The mainland of Quintana Roo remained an isolated and unexplored land because of the presence of the Cruzoob Maya. For over four hundred years the Mayas of Quintana Roo successfully repelled the Spanish and Mexican conquistadores until the last shots of the Caste War of 1847 rang out at Dzula in 1935.
Juan Bautista Vega was instrumental in brokering a lasting peace between the Mexican government and the Cruzoob Maya.   In 1926 Juan visited his “white” family in Cozumel but then returned to his Mayan home on the mainland and lived the rest of his life among the Maya.  Gen. Juan Bautista Vega died in 1969. 

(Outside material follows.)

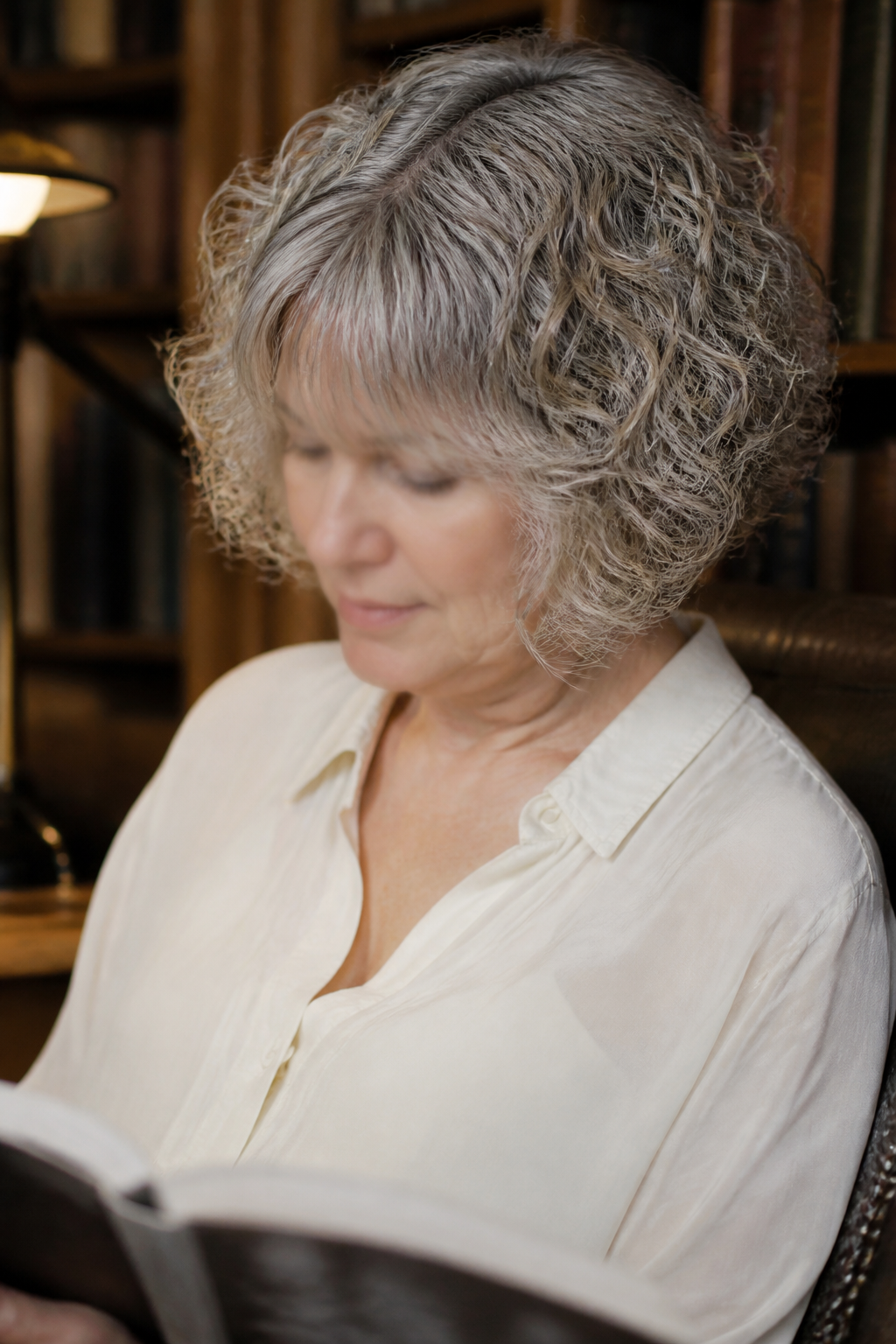 Soft Bang Gray Bob hairstyle shown in a realistic hair-focused editorial view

Notable visitors to Cozumel
In 1842, explorer, author and anthropologist John L. Stephens arrived in Cozumel in a small coastal sailing vessel from Yucatan shortly after Mexican independence and before the protracted Caste War.  He became the first to chronicle Cozumel, Tulum, the Mayan temples, and wild jungle in the days of pirates in his 1843 two-volume publication Incidents of Travel in Yucatan. This excellent book is still in print and also available in digital addition free from Gutenberg Press.

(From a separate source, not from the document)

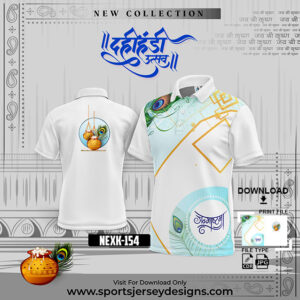 NEXK154 Dahi Handi Festival Jersey Design In Light Green And White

In 1958, Michel Peissel wrote of Cozumel in his book, The Lost World of Quintana Roo:
But the smuggling is now very much reduced, and as an islander told me sadly, "One hardly lives on smuggling today." Occasionally a few small boats dump whisky and perfumes from British Honduras on the islands. In the old days Isla Mujeres and Cozumel had been thriving pirate stations; here the buccaneers would wait in ambush as slowly the Spanish galleons, weighted down with Peruvian gold, would beat their way up along the coast and through the Yucatan Straits on their way to Cuba and Spain from Panama.

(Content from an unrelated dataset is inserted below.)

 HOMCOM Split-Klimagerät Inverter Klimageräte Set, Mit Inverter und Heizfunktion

Michel Peissel first arrived at Cozumel on a 45 foot sailing schooner. He wrote:
Judging from the rough weather that is characteristic of the straits between Cozumel and the coast, the dugout canoes of the Mayas must have been seaworthy craft and the oarsmen good sailors. From the summit of the waves I could catch a glimpse of the island which now appeared as a low gray streak on the horizon … At three o'clock we were up against the flat coastline of Cozumel and the small village of San Miguel came into sight. I was quite disappointed, for the village looked ugly, composed of an odd assortment of stone, cement, and wooden houses of various styles that were stretched along the waterfront.